Même si elle m'inspire automatiquement confiance, mon éducation dont je n'ai aucun souvenir oblige, je me méfie quand même. Mais ai-je d'autre choix ?
-Ce serait avec joie, je réponds. Si cela ne vous gêne pas, évidemment.
Elle me fais signe de la suivre, ce que je fais, et Louis aussi. Elle monte dans une calèche. Louis m'aide à monter, en parfait gentleman, encore une fois. Je m'assois aussi dignement que possible, et Louis prend place à côté de Madame de Dans. Aucun des deux ne me questionne. Je les remercie intérieurement pour ce tact. Je suis encore trop fatiguée, perdue et confuse pour réfléchir. Mais le silence est gênant. Et Louis me fixe intensément, ce qui n'arrange rien. Je me lance :
-Pourriez vous, s'il vous plaît, me décrire la ville et le pays ?

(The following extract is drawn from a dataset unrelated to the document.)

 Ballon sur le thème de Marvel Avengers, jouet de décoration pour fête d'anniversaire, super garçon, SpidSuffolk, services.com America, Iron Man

Madame de Dans, qui regardait dehors jusque là, se tourne vers moi.
-C'est-à-dire ? demande-t-elle.
J'essaie de clarifier ma question.
-Qui dirige le pays, pourquoi, des événements particuliers se deroulent-ils en ce moment, et heu... Les courants de pensées les plus répandus, les grands intellectuels... Peut-être me parler un peu de vous, pour commencer ?

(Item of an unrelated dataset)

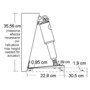 Kit διορθωτών πορείας LENCO Standard Mount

Madame de Dans semble, d'une certaine manière, heureuse que je pose la question.
Elle me dit qu'elle est une écrivaine reconnue, qu'elle se bat pour l'égalité entre tous. Qu'elle a deux enfants : Violette, l'aînée, et Charles. Elle dit aussi qu'elle est une mécéne, et que son artiste dépendant du moment est justement Louis, peintre, écrivain et dramaturge de génie, selon elle.
La France est apparemment dirigée par le roi Louis-Henri III, mais Madame de Dans pense que cela va bientôt changer. En effet, le roi mène une politique plutôt répressive et favorise les plus riches. Mais le petit peuple meurt de faim, la révolte ne saurait, toujours selon elle, tarder. Les ouvriers des usines se font exploiter par les patrons, et cela révolte Madame de Dans.
Quand aux intellectuels, elle me dit que je ne saurais tarder à les rencontrer, car beaucoup sont de ses amis.
Et tandis qu'elle parle, nous arrivons à une grande maison, aux allures de château, en bordure de la capitale. Même si je suis un peu triste d'être arrivée si vite (Madame de Dans s'exprime avec passion, et on en se lasse pas de l'écouter), c'est aussi un soulagement, Louis ne m'ayant pas quitté des yeux du voyage. Il m'aide à descendre, mais semble être réticent à lâcher ma main.
-Bienvenue chez vous, Aurore ! s'exclame Madame de Dans.